I didn't know a lot about social interactions when I met her. But I knew I was lonely and I needed someone be it a friend or love. She was there. Sadly I didn't have the strength at the time to share the heavy burdens of my life with her but I think I would have been safe if I had.

When you have been torn down so much and every person is a suspect in your eyes you make a lot of mistakes. You sabotage a lot of good things and connections with people. You even make poor choices on finding special people.

Unfortunately "E" is no longer in my life. I messed up with her and it was not intended. One day I met one of her dear friends. Oh he was so handsome, funny, and kind. Most certainly he never wanted to hurt me.  He was like no other I had met. My heart rushed at the excitement someone like him existed. 

I rushed in ignoring her warnings to be gentle. Oh I did love him and I did hold him oh so dear but we did not fit and I didn't know I could tell him all the things I probably should have. Oh if I would have I think it may have worked. But it didn't work out.

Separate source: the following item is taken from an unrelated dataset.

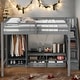 preview thumbnail 16 of 26, 2 Color Full Size Loft Bed Frame with Wardrobe, Safe Low Storage Table and Storage Staircase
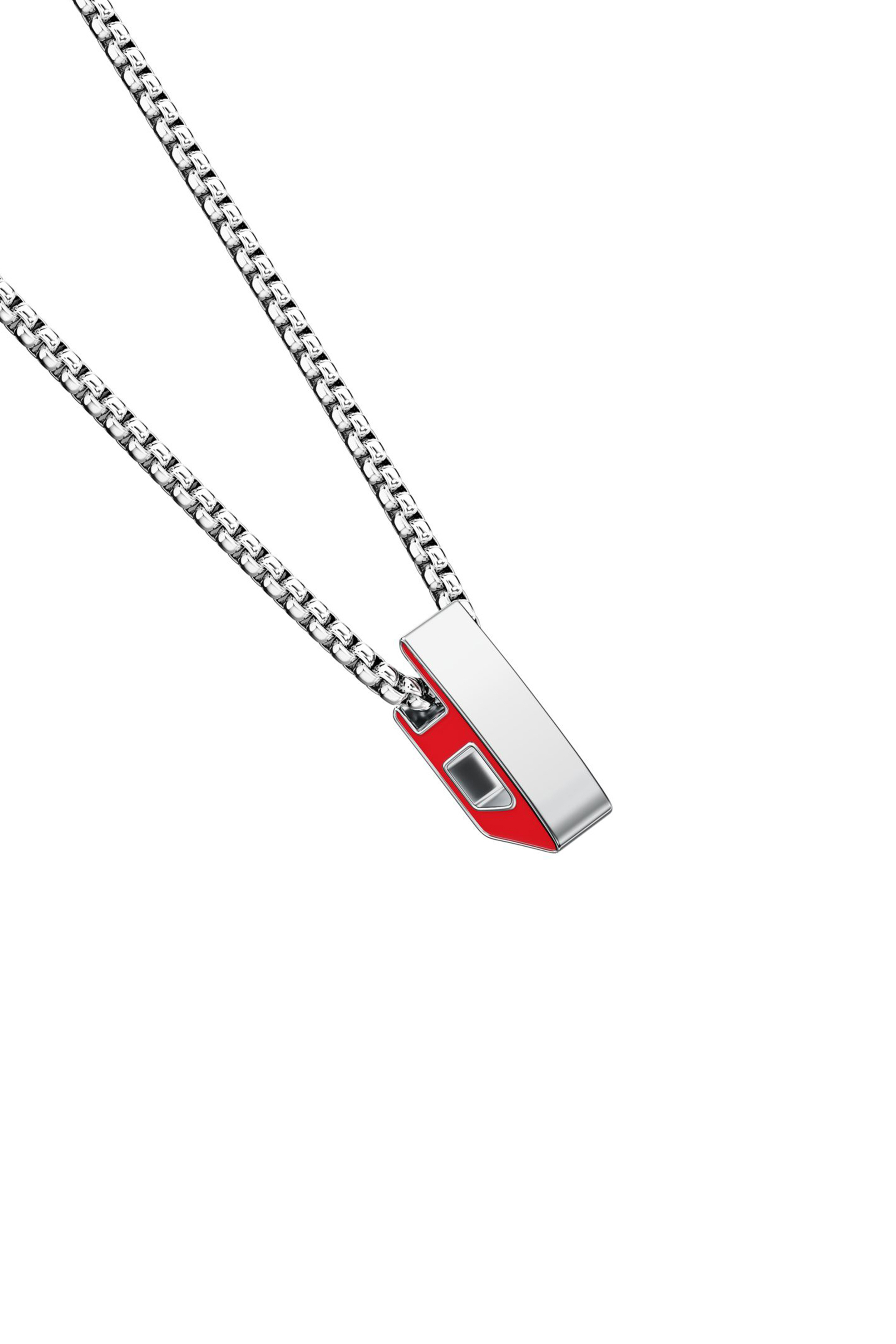 Diesel - DX1689040 JEWELLERY, Unisex Anh&auml;nger-Halskette aus Edelstahl in Silber/Rot - 4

That strained things between us. Still in my love conquers all stage I went back to him. I did open up some and he got to see a bit into the dark closet I hid and some of the horrible pains I had been through but it still didn't work.   I broke his heart. I broke mine as well. And as you can expect I broke "E's"

I cried a lot over those times. Beautiful souls are so rare in life. I wish they could have known why I was so messed up. I wish they could know so many had been cruel or used me. I wish I could have told them you were treasures so priceless. Like I said I'm not a perfect person I have made many mistakes in life.

This lonely heart learned to trust in others with her. I learned to trust in me. She and her precious friend helped me find enough peace to stand upon so I  could get out of the bog of pain I walked in. I owe her so much appreciation and love. But I know well enough to leave her be. My lonely heart ripped into her life and left her hurting. It was never intended. I never knew any better. I'd only had a life of bad examples and being used.

In my eyes "E" is one of those silent angels who walk our world. I hope she has a long long life filled with love and everyone else she touches gets to know just a sliver of that radiant heart of hers.

As I  mentioned though I began my journey as a lonely heart looking for a companion. I was so sure finding love was the answer to my problems and in a way it is but I had to first find love in me. I had to love me. She was the first to show me this. It took time to find my footing and I lost her in the process but the good she did was wonderful.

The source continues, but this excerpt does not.